The paper evaluates the MDE using a real-world application of Vulnerable Road User (VRU) detection in fisheye camera data, emphasizing the model's ability to identify and label VRUs effectively. An ensemble of models optimized through systematic evaluation demonstrates superior recall, validating the engine's capability to leverage open-vocabulary models for detecting rare instances. The evaluation, conducted using a seed dataset with VRU instances, concludes with an ensemble consensus process achieving high true-positive detection rates, indicating substantial improvements in data selection efficacy.
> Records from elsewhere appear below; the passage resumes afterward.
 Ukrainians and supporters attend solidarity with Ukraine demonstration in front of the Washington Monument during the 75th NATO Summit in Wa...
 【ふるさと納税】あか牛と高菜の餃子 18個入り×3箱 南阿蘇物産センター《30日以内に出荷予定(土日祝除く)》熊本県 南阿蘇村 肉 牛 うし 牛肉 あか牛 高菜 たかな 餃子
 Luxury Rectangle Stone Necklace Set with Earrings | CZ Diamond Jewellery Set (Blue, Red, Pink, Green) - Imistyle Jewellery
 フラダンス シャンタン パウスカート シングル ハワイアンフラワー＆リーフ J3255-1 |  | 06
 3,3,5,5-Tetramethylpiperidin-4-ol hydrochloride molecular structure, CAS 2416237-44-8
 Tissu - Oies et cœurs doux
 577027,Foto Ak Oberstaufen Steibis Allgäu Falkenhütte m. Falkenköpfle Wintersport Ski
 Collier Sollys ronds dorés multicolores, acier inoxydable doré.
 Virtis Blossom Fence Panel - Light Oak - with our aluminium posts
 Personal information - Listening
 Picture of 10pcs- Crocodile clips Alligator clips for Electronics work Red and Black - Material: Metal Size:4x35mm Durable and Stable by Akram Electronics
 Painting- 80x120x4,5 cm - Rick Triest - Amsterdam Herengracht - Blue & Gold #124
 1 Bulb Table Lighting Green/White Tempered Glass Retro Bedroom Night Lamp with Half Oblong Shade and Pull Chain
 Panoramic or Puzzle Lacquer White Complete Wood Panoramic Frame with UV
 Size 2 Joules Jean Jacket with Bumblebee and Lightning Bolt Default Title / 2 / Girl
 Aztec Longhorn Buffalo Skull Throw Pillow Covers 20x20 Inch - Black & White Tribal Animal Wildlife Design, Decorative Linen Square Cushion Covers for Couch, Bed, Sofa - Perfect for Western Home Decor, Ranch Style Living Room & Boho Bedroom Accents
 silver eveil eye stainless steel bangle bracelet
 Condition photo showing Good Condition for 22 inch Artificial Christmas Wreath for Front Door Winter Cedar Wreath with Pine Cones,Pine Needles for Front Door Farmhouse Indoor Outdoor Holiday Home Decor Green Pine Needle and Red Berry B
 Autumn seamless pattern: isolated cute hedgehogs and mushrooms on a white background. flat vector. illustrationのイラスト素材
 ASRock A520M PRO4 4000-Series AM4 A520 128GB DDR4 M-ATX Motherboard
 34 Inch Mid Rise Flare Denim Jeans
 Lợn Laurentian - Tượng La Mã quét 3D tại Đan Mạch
Implications and Future Directions

The availability of the MDE as an open-source solution has significant implications for both research and practical applications. For academia, the engine's comprehensive support for data-driven model development presents potential improvement avenues for existing ITS models. Practically, the MDE's deployment capabilities align well with real-world systems, aiding applications such as near-miss detection and roadside assistance systems.

The paper suggests future developments focusing on refining model prediction robustness and integration with additional operational design domains and real-world roadside perception systems. The presented work furthers the potential of leveraging cutting-edge object detection models and data-centric development processes for ITS improvements.

In conclusion, this research contributes a valuable toolset for iterative model improvement in ITS and related fields by presenting a novel approach to open-vocabulary data selection, addressing the challenges of long-tail data distribution, and enhancing the accessibility and utility of large datasets for machine learning model refinement.